*DATA TO USE*
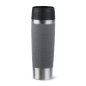 Preview: EMSA Thermobecher TRAVEL MUG Classic Pfeffergrau 500 ml mit Wunschgravur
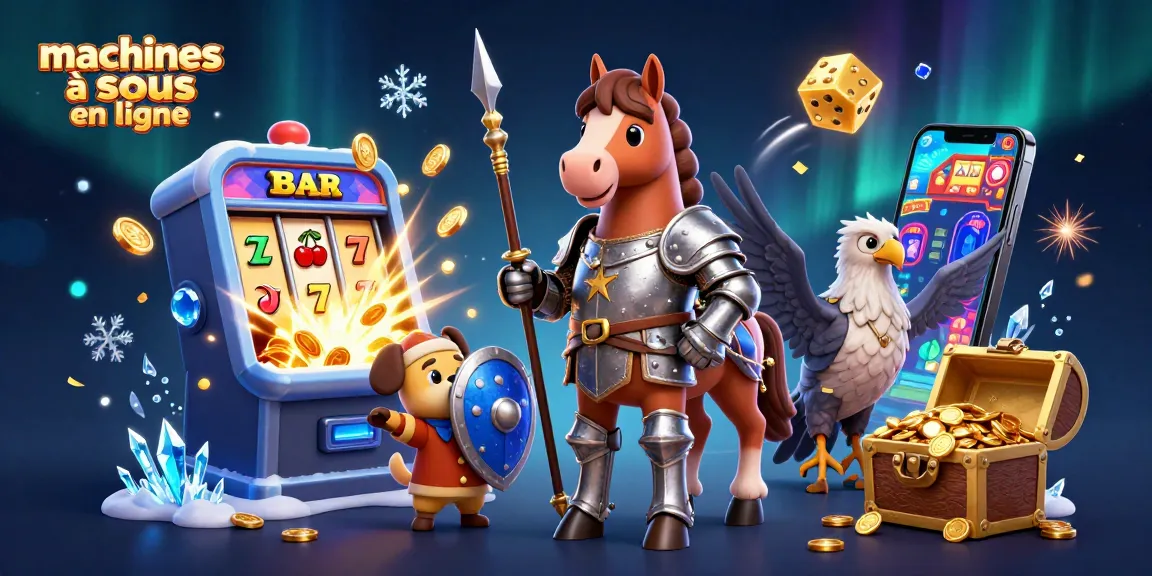 Jouez aux machines à sous en ligne avec une explosion de jackpots et d'animations animées.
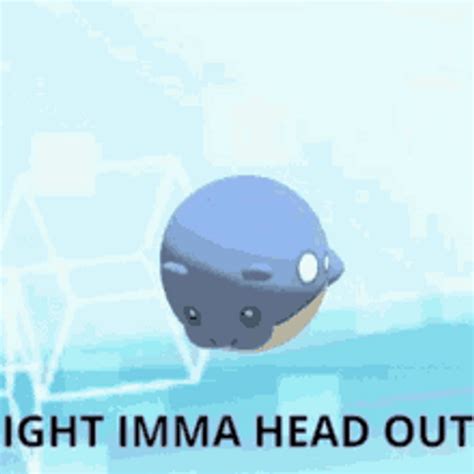 Ight Imma Head Out Rolling Spheal Pokemon GIF | GIFDB.com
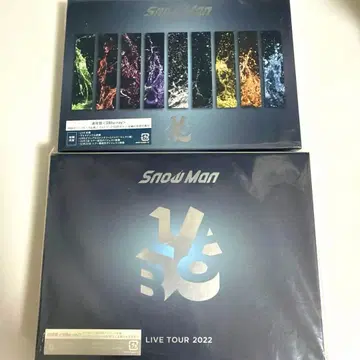 Snow Man LIVE TOUR 2022 Labo 초회 일반ver 세트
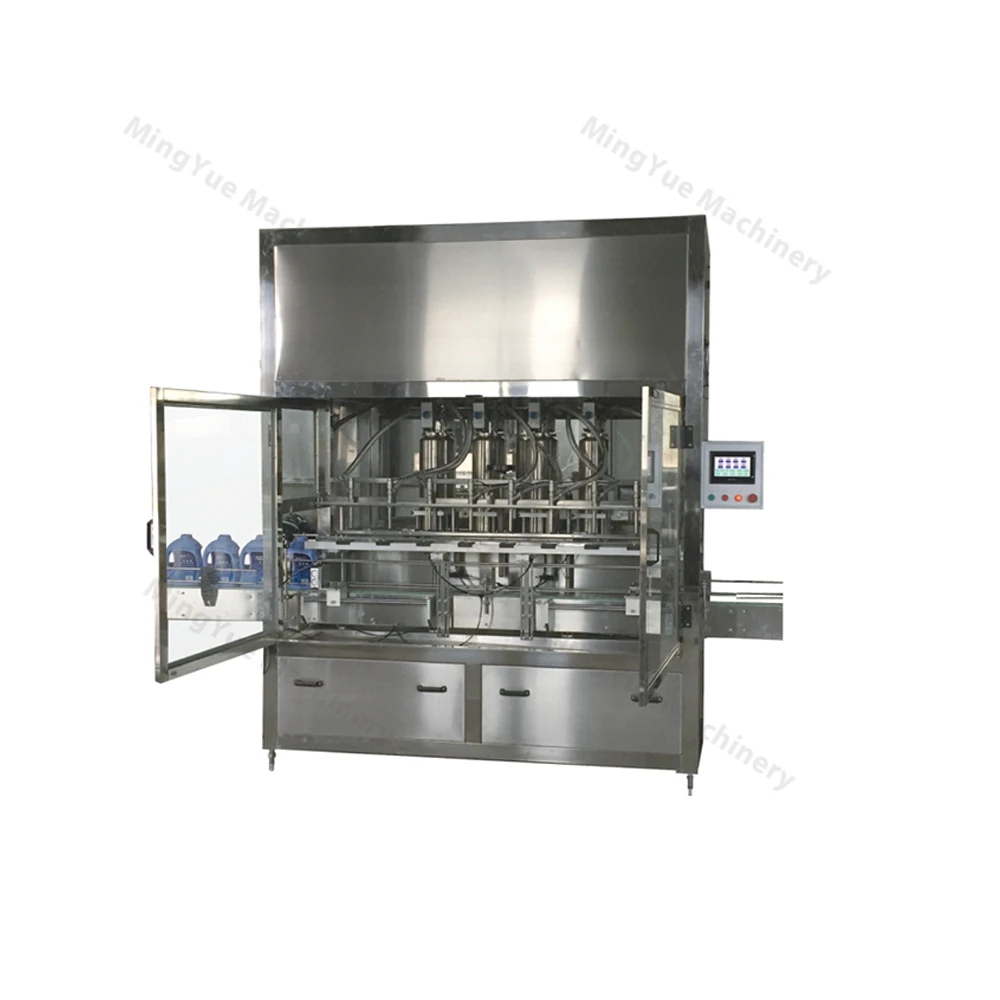 Automatic Liquid Wine Water Bottling Filling Machine For Sale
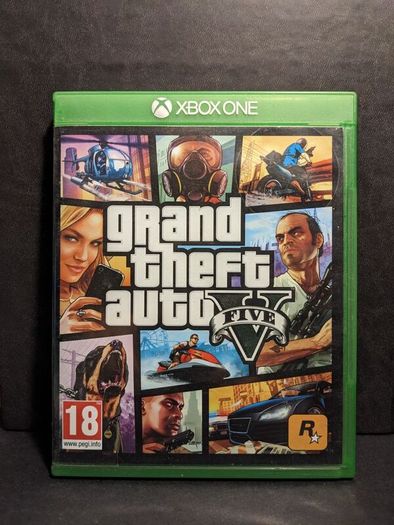 GTA V (with map) - Xbox One
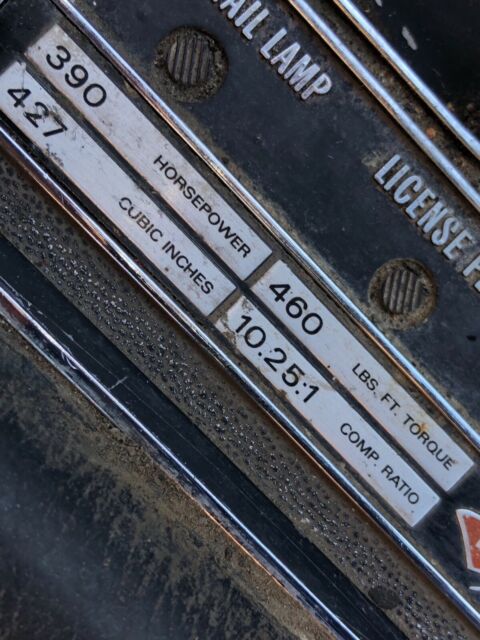 1969 Gray Chevrolet Corvette Coupe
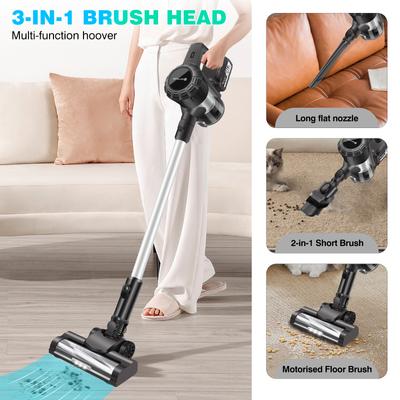 DayPlus 3 в 1 беспроводной пылесос 3800 Вт Hoover Upright легкий ручной пылесос без мешка для сбора пыли бесщеточный 30 кПа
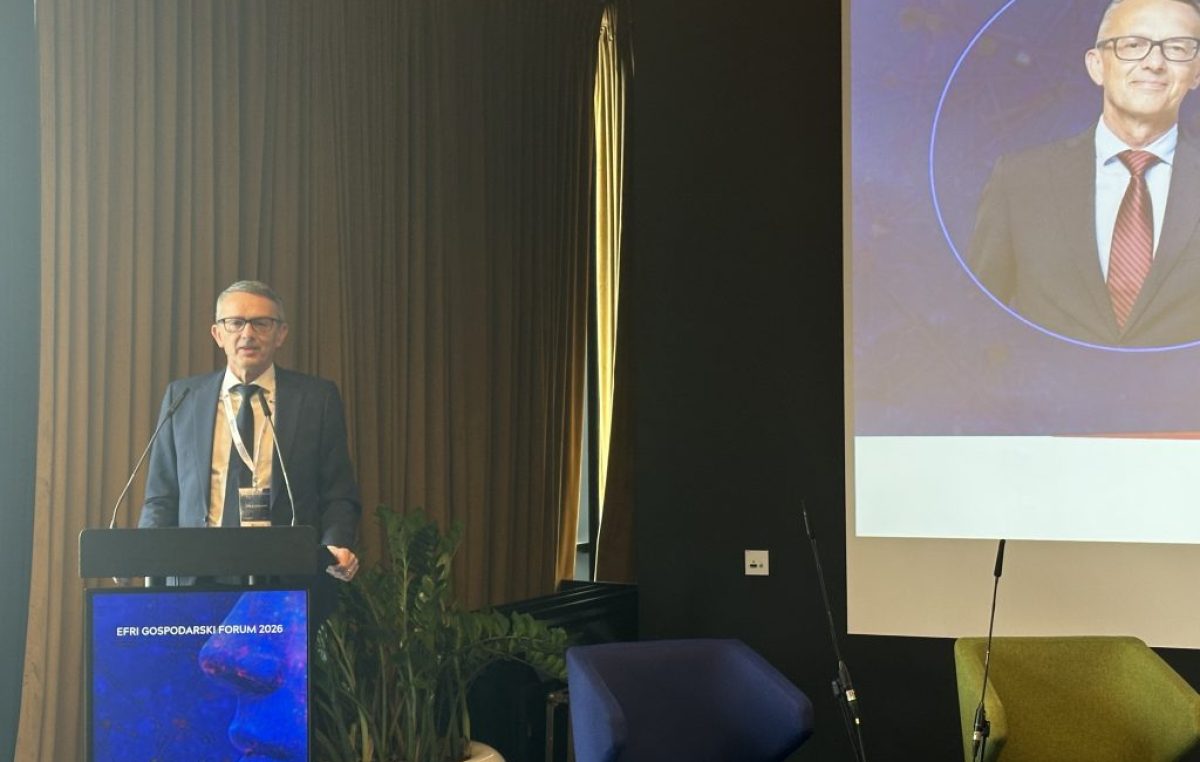 Župan Lukanović na Gospodarskom forumu EFRI: Digitalizacija i umjetna inteligencija snažan alat za razvoj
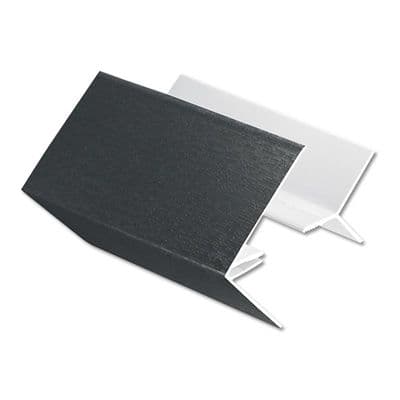 Anthracite Grey uPVC Shiplap Cladding 2 Part Corner - 5m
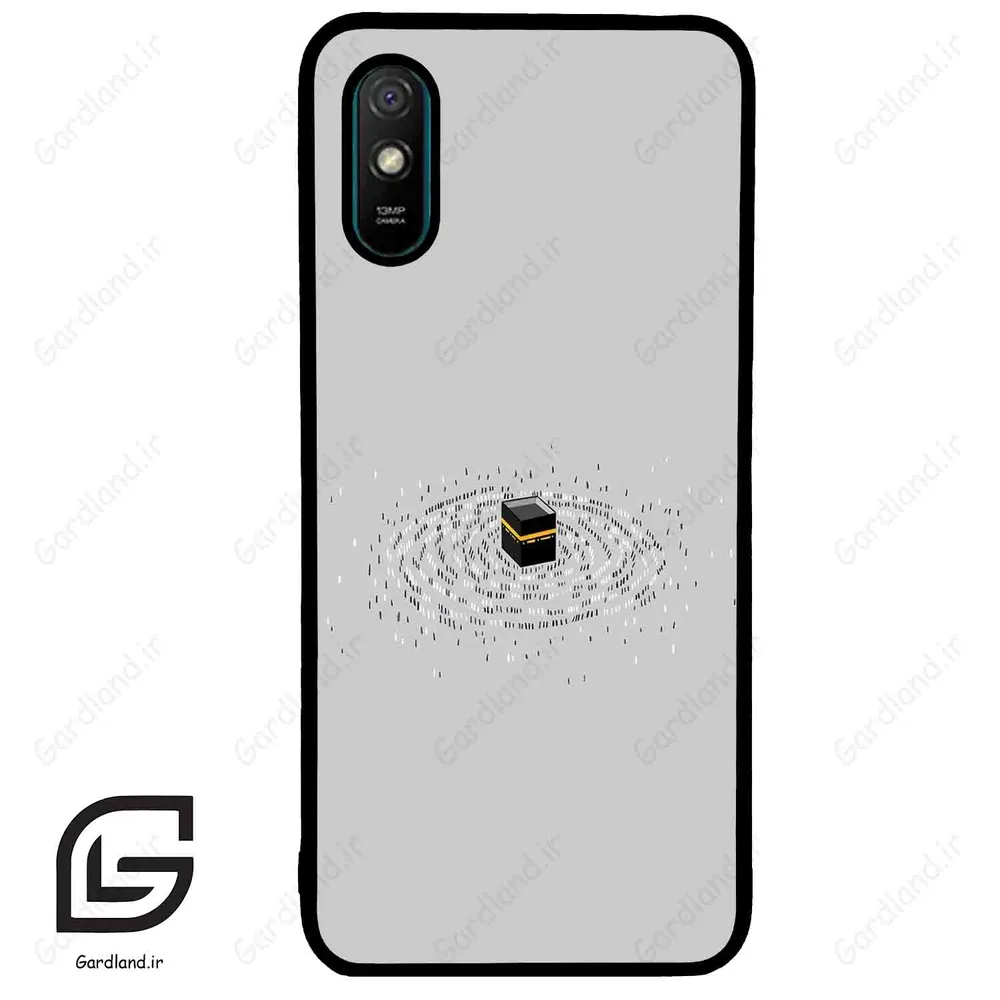 قاب گوشی شیائومی ردمی 9 آ (Redmi 9A ) طرح کعبه کد 2938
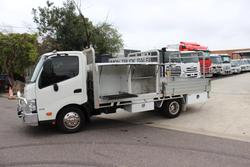 2016 Hino 300 616 616 AUTO WHITE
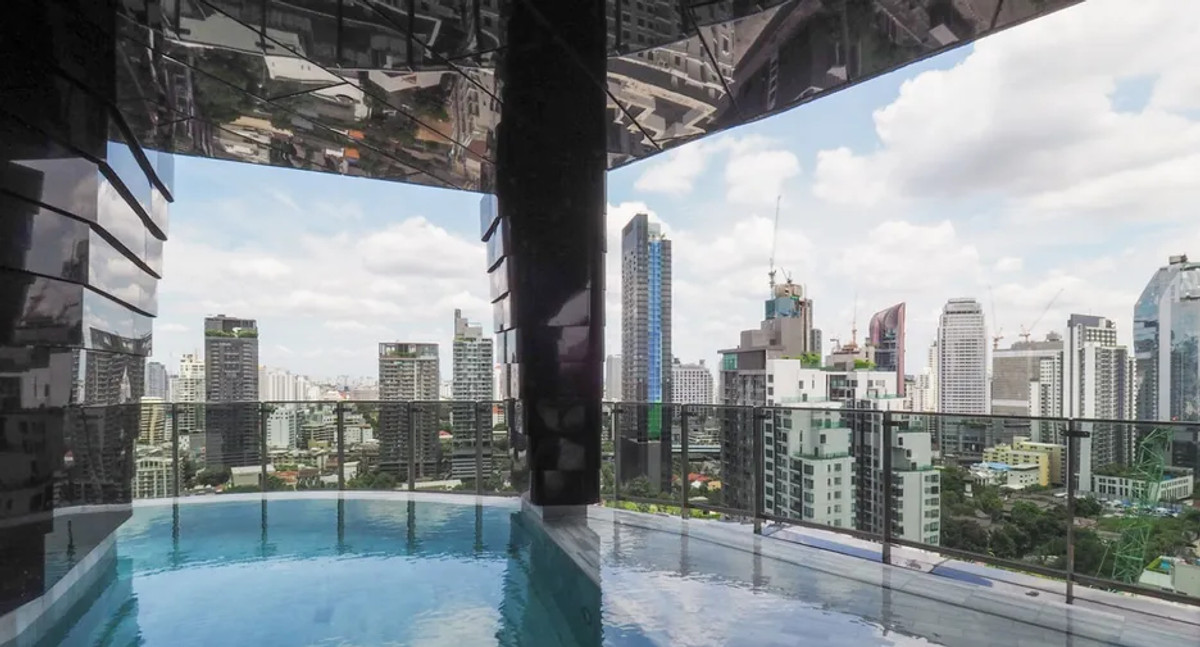 ให้เช่าคอนโดสุขุมวิท อโศก ทองหล่อ : 🔥 ห้องว่าง พร้อมเข้าอยู่! มีเครื่องซักผ้า Ideo Q Sukhumvit 36 รีบจองก่อนหลุด 🔥MD-26028789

*TASK TO COMPLETE*
Put each line of the listing above into the copy exactly, dropping the pictures.

*OUTPUT FOR THIS TASK*
 Preview: EMSA Thermobecher TRAVEL MUG Classic Pfeffergrau 500 ml mit Wunschgravur
 Jouez aux machines à sous en ligne avec une explosion de jackpots et d'animations animées.
 Ight Imma Head Out Rolling Spheal Pokemon GIF | GIFDB.com
 Snow Man LIVE TOUR 2022 Labo 초회 일반ver 세트
 Automatic Liquid Wine Water Bottling Filling Machine For Sale
 GTA V (with map) - Xbox One
 1969 Gray Chevrolet Corvette Coupe
 DayPlus 3 в 1 беспроводной пылесос 3800 Вт Hoover Upright легкий ручной пылесос без мешка для сбора пыли бесщеточный 30 кПа
 Župan Lukanović na Gospodarskom forumu EFRI: Digitalizacija i umjetna inteligencija snažan alat za razvoj
 Anthracite Grey uPVC Shiplap Cladding 2 Part Corner - 5m
 قاب گوشی شیائومی ردمی 9 آ (Redmi 9A ) طرح کعبه کد 2938
 2016 Hino 300 616 616 AUTO WHITE
 ให้เช่าคอนโดสุขุมวิท อโศก ทองหล่อ : 🔥 ห้องว่าง พร้อมเข้าอยู่! มีเครื่องซักผ้า Ideo Q Sukhumvit 36 รีบจองก่อนหลุด 🔥MD-26028789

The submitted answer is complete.